COUNCILLOR John Fry’s call for the outdoor swimming pool at the Bathurst Aquatic Centre to remain open longer into autumn is both practical and sobering.
It’s practical because the simple truth is that it’s staying hotter for longer and this trend seems set to continue.
It’s sobering because climate change will bring problems far greater than the need for more frequent dips in turquoise water.
Drought, habitat loss, food insecurity and mass migration – bringing conflict and political instability – are looming in the coming decades unless humanity makes a fast, united and concerted effort to change its fossil-fuel dependent ways.
Fast? United? Concerted? When did we humans ever respond like this unless the problems were right in our faces?
Trying to get effective action in the face of problems that arrive piecemeal and seemingly unrelated to each other continues to be an infernal problem.
But even if we do manage to take emissions-busting action, some of the greenhouse gases already in the atmosphere will take centuries to disperse.
No matter what we do, autumn temperatures are unlikely to return to what they were in the past. It’s going to keep getting warmer.
Meanwhile, I go about obsessively checking elm trees for signs on elm leaf beetle infestation.
While the chemical treatments are helping the big trees on council property, there are many elms in the CBD and beyond that are struggling with the tiny olive-green munchers.
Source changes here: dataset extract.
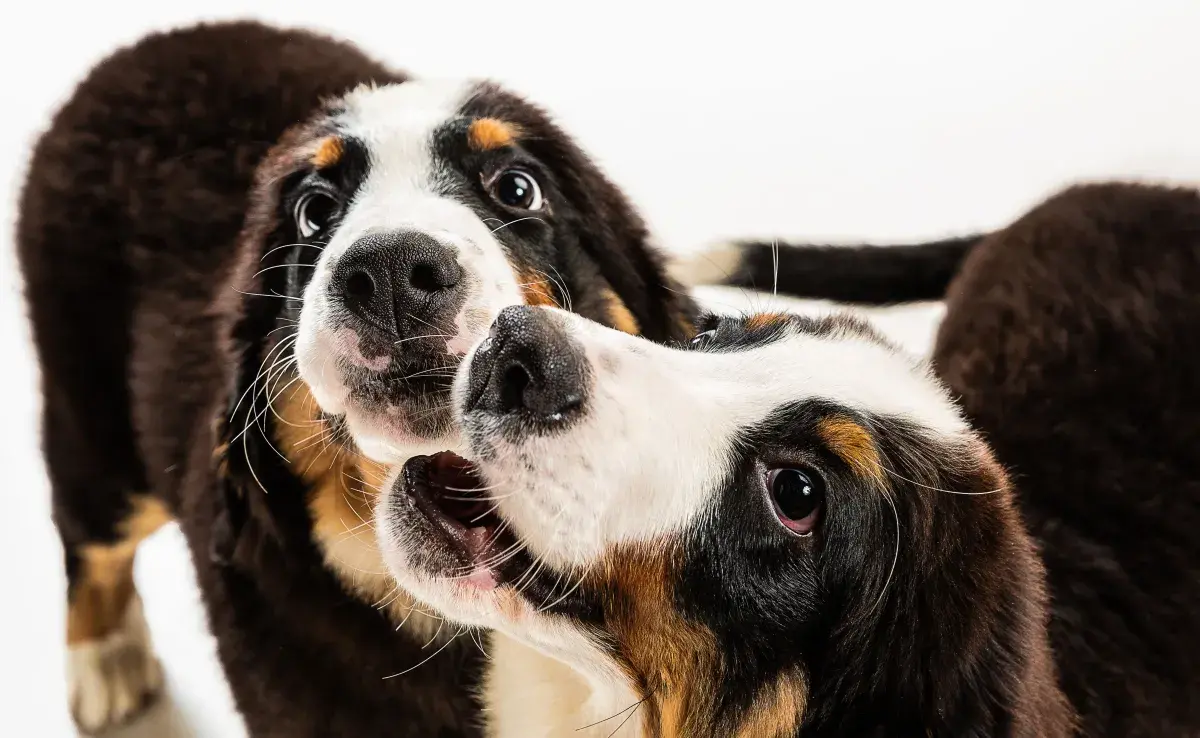 En promedio, el sangrado de tu perrita debe ser de 21 días.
Unknown in Australia before 1989, elm leaf beetles are marching like cane toads across the land, damaging a tree that has grown so well and vigorously in the cooler parts of the continent for the past couple of centuries
In Bathurst, they provide deep shade in summer while letting the light and warmth through in winter.
Warmer, dryer temperatures, combined with beetle damage, could spell a grim future for these magnificent trees.
A longer warm season means the beetles are active for longer, their tiny larvae skeletonising leaves, gradually destroying the tree’s ability to photosynthesise.
Affected elms can bear it for a season or two, but cumulative effects could prove disastrous.
No doubt we’ll respond well to such problems as they arise; humans are resilient and creative in the face of adversity.
But being prepared and taking action ahead of time – to both slow down climate change and adapt to it – is an even better idea.